Fortunately Moneyball manages to negate both of these potentially serious shortcomings with some seriously great casting. Brad Pitt’s charisma and universal likeability make the moody Beane a hero worth rooting for, making you feel sympathy rather than annoyance at his numerous superstitious behaviors, neurotic quirks, and unpredictable emotional displays.  When I first saw the trailers for this movie featuring Jonah Hill as baseball savant whiz kid Peter Brand I was like, WTF is he doing here, this is not a stoner comedy, but he actually manages to convey the nervousness and awkwardness of a guy who is more comfortable with computers than with people really convincingly.

So those two were definitely the stars of the film, but I was more excited to see Chris Pratt, a.k.a. one half of the most adorable couple on the best show on tv (Parks & Recreation‘s April and Andy), in a small but fantastic role as an injured player who thinks his career is over but is given a second chance at the majors.  The one cast member who I felt like was seriously underutilized was Philip Seymour Hoffman; as A’s manager Art Howe his main job is to pout and be mad at Billy Beane for giving him a crummy team. Which he definitely commits to, but I feel like you gotta give the guy a little more to do.

The one line about Moneyball that I keep hearing is that it’s a baseball movie that’s not about baseball (this review at Awards Daily is the only source I could find that contained that actual phrase), but I’m not sure how true that is. Toward the end there’s an attempt at connecting Beane’s efforts in Oakland with the universal struggle of innovators and early adaptors, but that didn’t really feel like the point of the movie to me. It mostly just made me curious about the state of the moneyball philosophy in baseball today, because it does seem like a tough pill to swallow.

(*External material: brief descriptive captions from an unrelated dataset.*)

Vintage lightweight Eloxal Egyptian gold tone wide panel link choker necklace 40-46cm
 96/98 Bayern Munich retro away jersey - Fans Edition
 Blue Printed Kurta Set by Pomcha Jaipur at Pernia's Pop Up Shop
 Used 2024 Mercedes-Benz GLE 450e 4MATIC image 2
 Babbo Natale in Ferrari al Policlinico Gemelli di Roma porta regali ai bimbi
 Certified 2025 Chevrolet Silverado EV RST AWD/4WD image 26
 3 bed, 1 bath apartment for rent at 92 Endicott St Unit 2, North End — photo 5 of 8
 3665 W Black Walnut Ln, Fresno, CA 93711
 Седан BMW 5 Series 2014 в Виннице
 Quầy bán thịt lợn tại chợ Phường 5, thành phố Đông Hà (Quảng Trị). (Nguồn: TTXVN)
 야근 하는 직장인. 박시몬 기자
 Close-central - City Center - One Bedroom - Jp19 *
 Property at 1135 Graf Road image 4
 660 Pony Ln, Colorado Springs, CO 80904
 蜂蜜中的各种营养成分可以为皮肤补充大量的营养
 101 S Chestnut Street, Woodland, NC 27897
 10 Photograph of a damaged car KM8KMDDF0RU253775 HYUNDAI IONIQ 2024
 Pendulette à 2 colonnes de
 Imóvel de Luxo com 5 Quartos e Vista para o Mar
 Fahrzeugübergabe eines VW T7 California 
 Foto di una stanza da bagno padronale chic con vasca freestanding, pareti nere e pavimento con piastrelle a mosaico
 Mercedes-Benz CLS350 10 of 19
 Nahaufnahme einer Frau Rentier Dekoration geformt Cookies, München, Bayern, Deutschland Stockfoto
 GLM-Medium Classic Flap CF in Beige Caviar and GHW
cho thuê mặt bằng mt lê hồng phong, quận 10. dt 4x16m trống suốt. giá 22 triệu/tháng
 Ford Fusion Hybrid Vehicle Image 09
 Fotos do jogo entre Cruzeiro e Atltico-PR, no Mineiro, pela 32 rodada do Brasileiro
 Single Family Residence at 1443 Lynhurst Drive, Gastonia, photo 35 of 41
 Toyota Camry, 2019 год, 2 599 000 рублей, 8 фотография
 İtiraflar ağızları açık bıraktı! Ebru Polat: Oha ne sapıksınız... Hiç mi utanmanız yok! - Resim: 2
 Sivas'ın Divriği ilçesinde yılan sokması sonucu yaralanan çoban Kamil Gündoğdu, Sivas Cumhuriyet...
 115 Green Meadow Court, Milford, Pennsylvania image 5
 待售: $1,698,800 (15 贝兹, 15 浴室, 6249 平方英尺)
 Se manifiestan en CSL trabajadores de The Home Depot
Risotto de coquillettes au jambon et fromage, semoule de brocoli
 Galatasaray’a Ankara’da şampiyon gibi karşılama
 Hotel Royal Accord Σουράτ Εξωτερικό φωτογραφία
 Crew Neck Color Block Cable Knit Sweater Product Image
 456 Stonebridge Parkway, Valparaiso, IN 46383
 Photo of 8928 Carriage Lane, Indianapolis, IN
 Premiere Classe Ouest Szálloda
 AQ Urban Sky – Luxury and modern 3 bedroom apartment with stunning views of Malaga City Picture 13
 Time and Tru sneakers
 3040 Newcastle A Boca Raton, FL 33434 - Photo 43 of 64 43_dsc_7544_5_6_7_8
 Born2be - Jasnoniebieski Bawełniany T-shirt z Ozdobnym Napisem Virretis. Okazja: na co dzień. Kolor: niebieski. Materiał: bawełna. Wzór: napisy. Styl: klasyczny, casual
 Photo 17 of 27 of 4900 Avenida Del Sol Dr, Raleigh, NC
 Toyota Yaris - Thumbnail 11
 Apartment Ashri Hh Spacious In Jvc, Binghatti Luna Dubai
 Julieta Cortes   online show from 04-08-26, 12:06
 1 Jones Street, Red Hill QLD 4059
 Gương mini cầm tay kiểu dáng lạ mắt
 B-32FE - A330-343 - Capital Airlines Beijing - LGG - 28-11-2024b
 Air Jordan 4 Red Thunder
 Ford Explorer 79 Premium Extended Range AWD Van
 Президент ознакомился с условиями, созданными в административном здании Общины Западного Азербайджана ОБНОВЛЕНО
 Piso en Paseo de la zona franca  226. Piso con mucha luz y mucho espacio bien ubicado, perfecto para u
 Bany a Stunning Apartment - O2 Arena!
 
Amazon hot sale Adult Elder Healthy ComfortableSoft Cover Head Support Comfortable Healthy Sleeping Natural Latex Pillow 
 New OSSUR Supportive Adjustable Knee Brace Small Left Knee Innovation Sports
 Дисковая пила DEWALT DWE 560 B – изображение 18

“It’s hard not to be romantic about baseball” is the line Beane repeats a couple of times and one that stuck with me, because even as the movie tries to demonstrate the superiority of cold, hard statistical analysis over those elusive “intangibles,” it can’t help but succumb to the romanticism of the classic sports movie moment. Which is actually okay by me, since it kind of shows that while stats and logic certainly have their place, that magical moment is what keeps sports fans coming back for more.